The bounds of this luminosity function define the range of visible light. Anything outside this range isn’t visible because, well, our eyes aren’t sensitive to it!

This curve also shows that our eyes are much more sensitive to radiation at 550nm than they are to radiation at either 650nm or 450nm.

Other animals have eyes that are sensitive to a different range of wavelengths, and therefore different luminosity functions. Birds can see ultraviolet radiation in the range between $$\lambda=300\text{nm}$$ to $$\lambda=400\text{nm}$$, so if scholarly birds had defined the electromagnetic spectrum, that would’ve been part of the “visible light” range for them!

Photo by Timothy Rhyne

By multiplying the graph of spectral flux with the luminosity function $$\bar y(\lambda)$$, we get a function which describes the contributions to human perceived brightness for each wavelength emitted by a light source.
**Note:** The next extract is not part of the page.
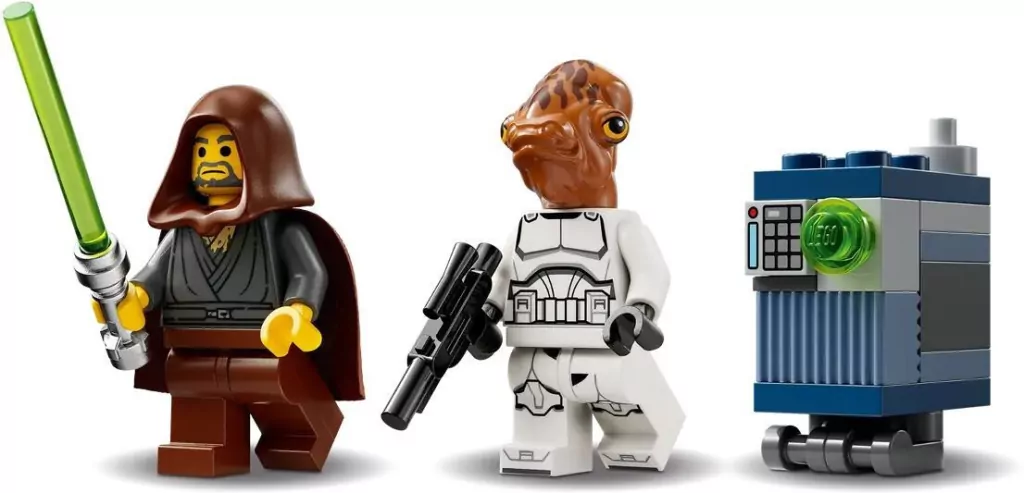 LEGO® Star Wars. Myśliwiec rycerza Jedi Boba 75388 - tantis.pl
This is the spectral luminous flux ($$\Phi_{v,\lambda}$$). To acknowledge this is about human perception rather than objective power, the luminous flux is typically measured in lumens rather than Watts using a conversion ratio of 683.002 lm/W.
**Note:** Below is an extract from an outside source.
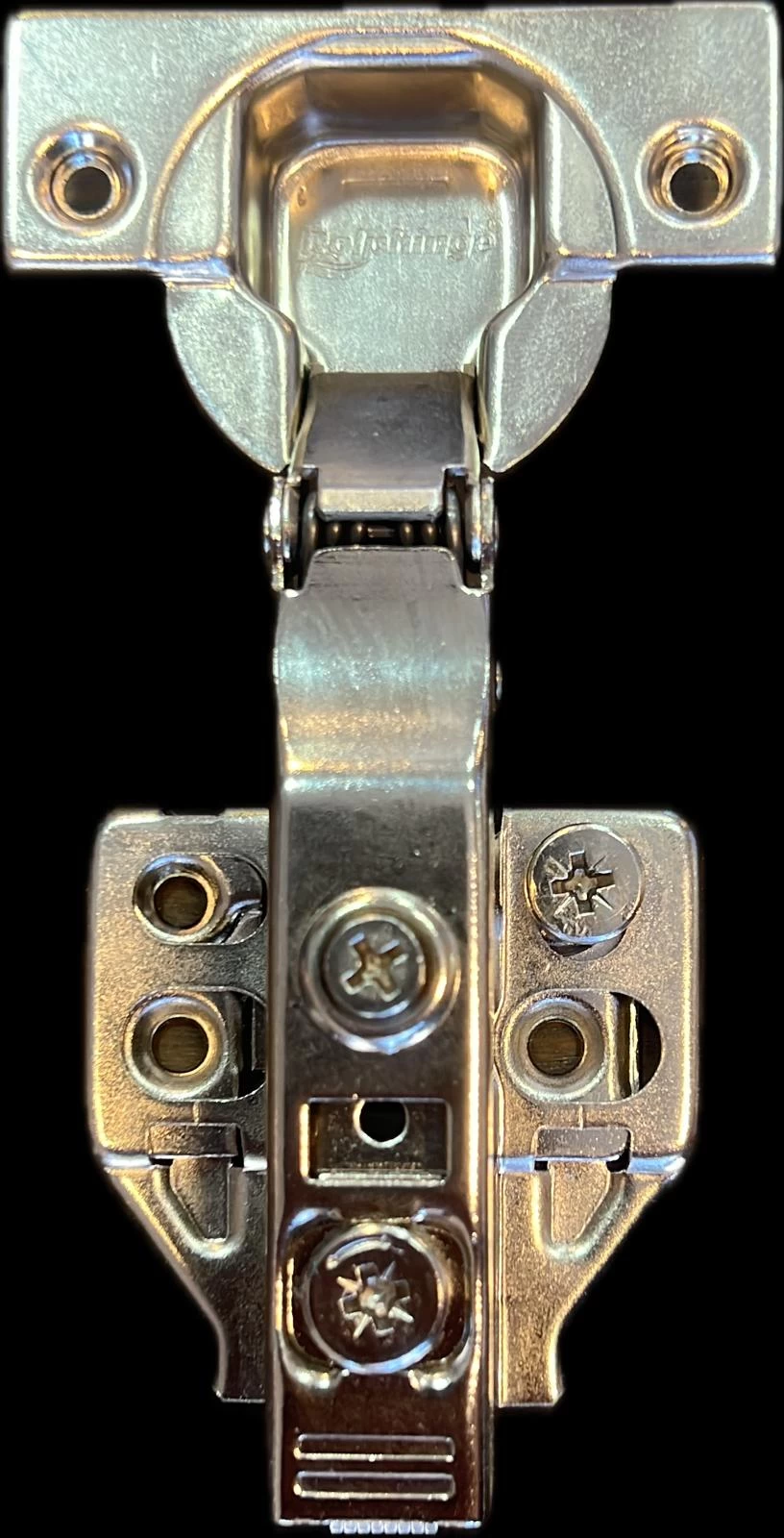 Dolphİnge 3d Ayarli Frenlİ DÜz MenteŞe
$$\Phi_{v,\lambda}(\lambda) = 683.002 \frac{\text{lm}}{\text{W}} \cdot \bar y(\lambda) \cdot \Phi_{e,\lambda}(\lambda)$$

The luminous flux ($$\Phi_v$$) of a light source is the total human perceived power of the light.

Just as we calculated the radiant flux by taking the area under the spectral flux curve, we can find the luminous flux by taking the area under the spectral luminous flux curve, with a constant conversion from perceived watts to lumens:

$$\Phi_{v}^\text{bulb} = \int_0^\infty \bar y(\lambda) \cdot \Phi_{e,\lambda}^\text{bulb}(\lambda) d\lambda = 683.002 \frac{\text{lm}}{\text{W}} \cdot 2.4\text{W} \approx 1600 \text{lm}$$

So the luminous flux of our 100W incandescent lightbulb is a measly 2.4W or 1600lm! The bulb has a luminous efficiency of 2.4%, a far cry from the 80% efficiency converting electricity into radiation.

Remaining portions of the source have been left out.